“As Currie examines the Model and reviews a consistent flow of data across industries, the changes that dealers can expect for the Sales Department is a more detailed study of gross profit per salesperson based on the product mix of the dealership’s sales department.”

Post-pandemic America has been seeking a “new normal” but we have yet to achieve it.  Other factors have happened, which have caused additional challenges to our global economy.  Shocks to the economy included the pandemic and the invasion of Ukraine.   As economists attempted to find a path forward, we learned (hopefully) that formulating any type of analyses or prediction can lead to flawed outcomes, especially when we understand that shocks are “100 year” events and are not comparable when predicting or relating them to normal cycles. 

Drastic changes in consumer behavior that occurred during the pandemic led to an imbalance of our current economic models and also caused commodity pricing to become unstable. 

Supply chain became a huge constraint for the country which further impacted the American economy.  The collapse of the Maryland bridge, similar to the Suez Canal blockage in 2021, further exacerbated logistics.  Other incidents followed, having a sort of domino effect on the national supply chain.  Additional government policies, rapid response to conditions that could cause loss of jobs, and latitude granted to the fed were factors that led to a soft landing for the US economy.  The increase in the Child Tax Credit and other strategies to maintain wealth and avoid increase in poverty were specific wins for its citizens.  The National Deficit was addressed by the government through the Inflation Reduction Act, and today, the expiration of some components of the Tax Cuts and Jobs Act are under intense consideration. Tax policy will need to be considered. 

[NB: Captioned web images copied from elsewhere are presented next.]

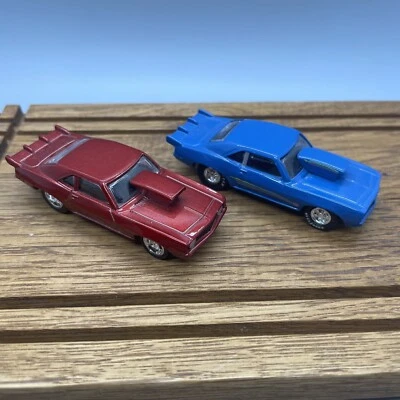 Johnny Lighting Playing Mathis Camaro Lot 2 hot rods classics great condition - Photo 1/4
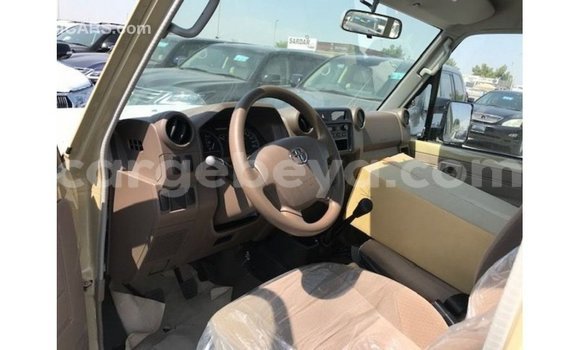 ይግዙ Imported Toyota Land Cruiser Beige መኪና በ Import - Dubai በ ኢትዮጵያ ይግዙ Imported Toyota Land Cruiser Beige መኪና በ Import - Dubai በ ኢትዮጵያ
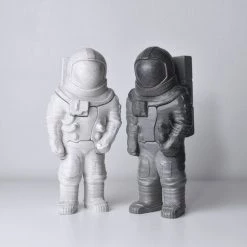 Super Simple ASTRONAUT PUZZLE DECOR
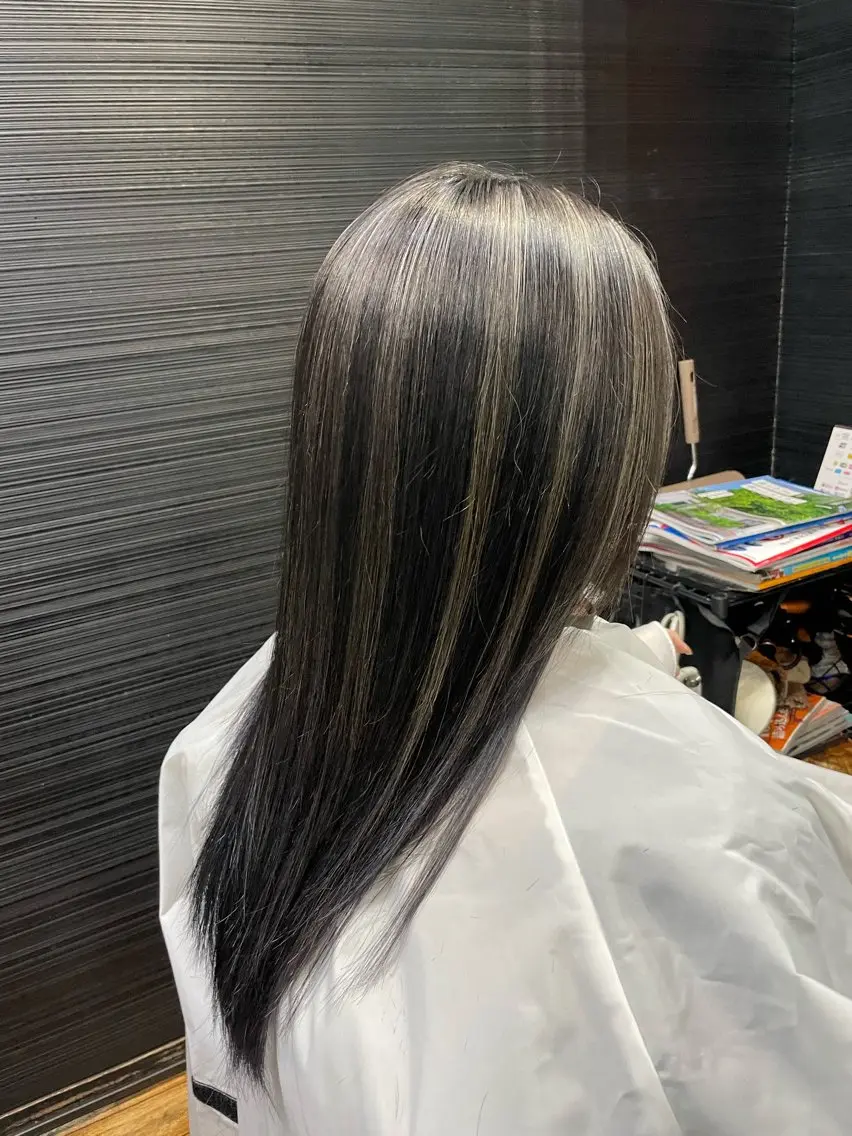 セミロング カラー ハイライトカラー ハイライト カット ヘアカラー 山本 雅由のヘアスタイル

Throughout fluctuations and larger economic swings, a performance model is a stability tool, that continues to help companies normalize during these extreme global events.  Performance and results in some units of the equipment distribution industry have remained strong and have enjoyed continued growth.  The Currie Financial Model has served as an invaluable standard throughout four decades of industrial equipment marketplace analyses.  However, current industry performance is not aligned with Currie Model in a few key areas.  Metrics of immediate concern have been high inventory levels, low asset turns and declining Return on Assets.  These critical measures seem to be stabilizing and will hopefully continue to rise to healthier levels. 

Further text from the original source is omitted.